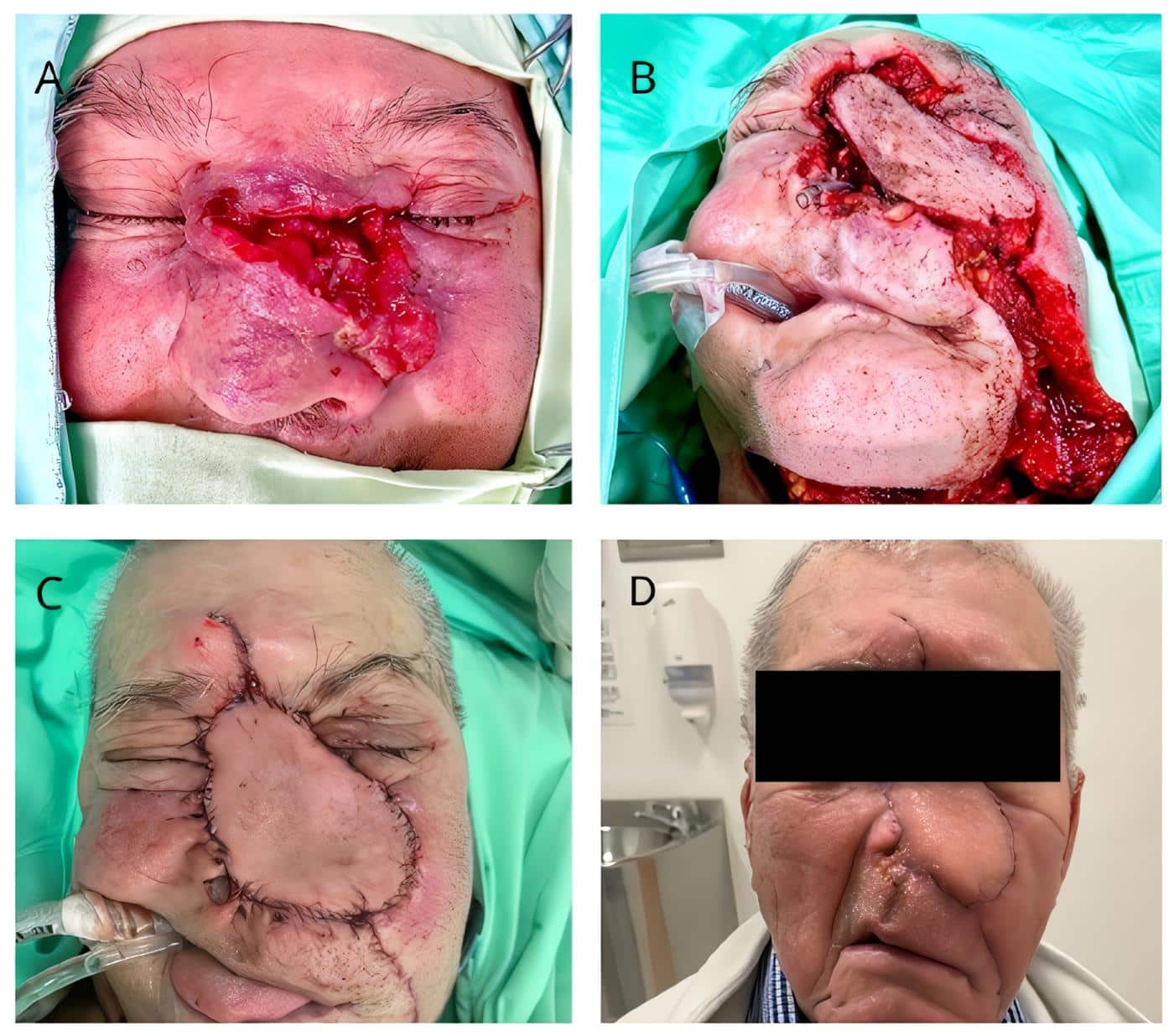 Técnica quirúrgica CTAS estándar Técnica quirúrgica CTAS estándar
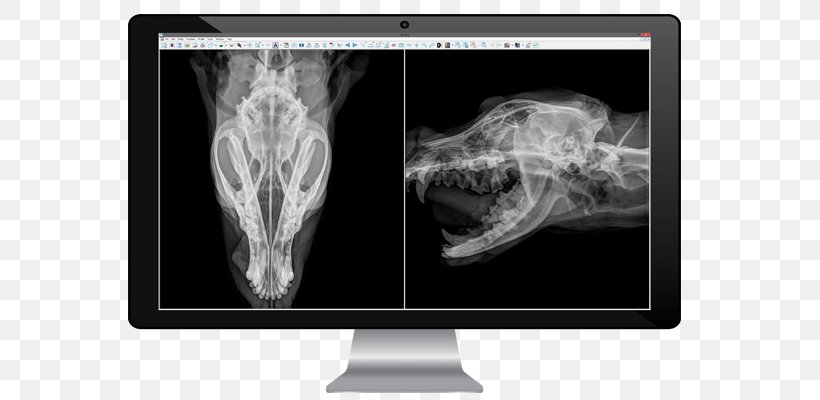 Medical Imaging Radiology Medicine X-ray Radiography, PNG, 650x400px, Medical Imaging, Black And White, Bone, Brand, Computed Tomography Download Free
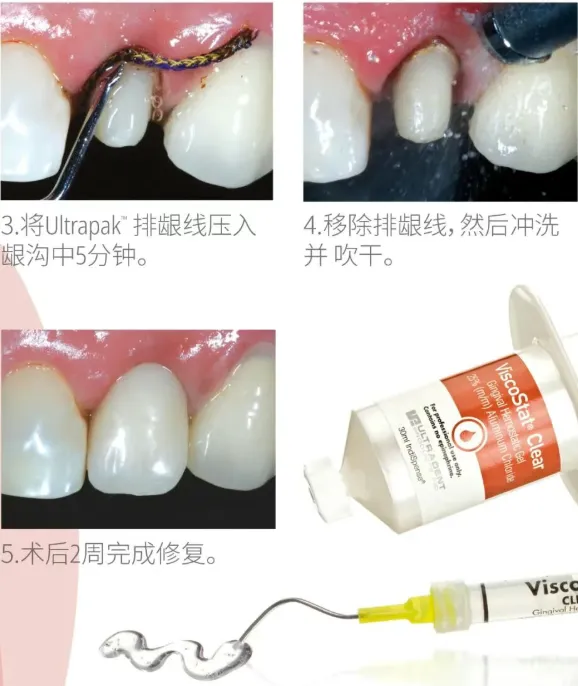 image.webp image.webp
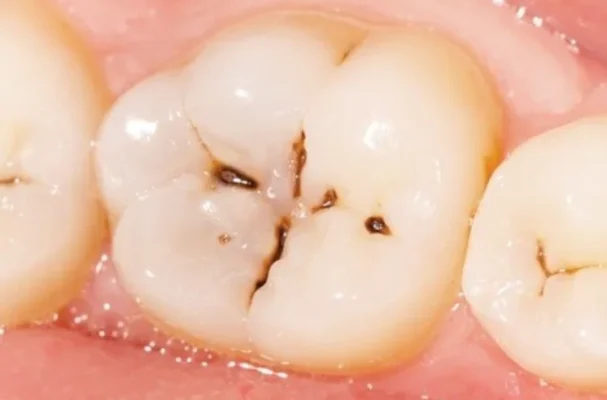 Quy trình bọc răng sâu Thái Bình như thế nào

*ASSIGNED TASK*. A verbatim copy of the data, with all pictures omitted, is the required output.

*WRITTEN ANSWER*.
 Técnica quirúrgica CTAS estándar Técnica quirúrgica CTAS estándar
 Medical Imaging Radiology Medicine X-ray Radiography, PNG, 650x400px, Medical Imaging, Black And White, Bone, Brand, Computed Tomography Download Free
 image.webp image.webp
 Quy trình bọc răng sâu Thái Bình như thế nào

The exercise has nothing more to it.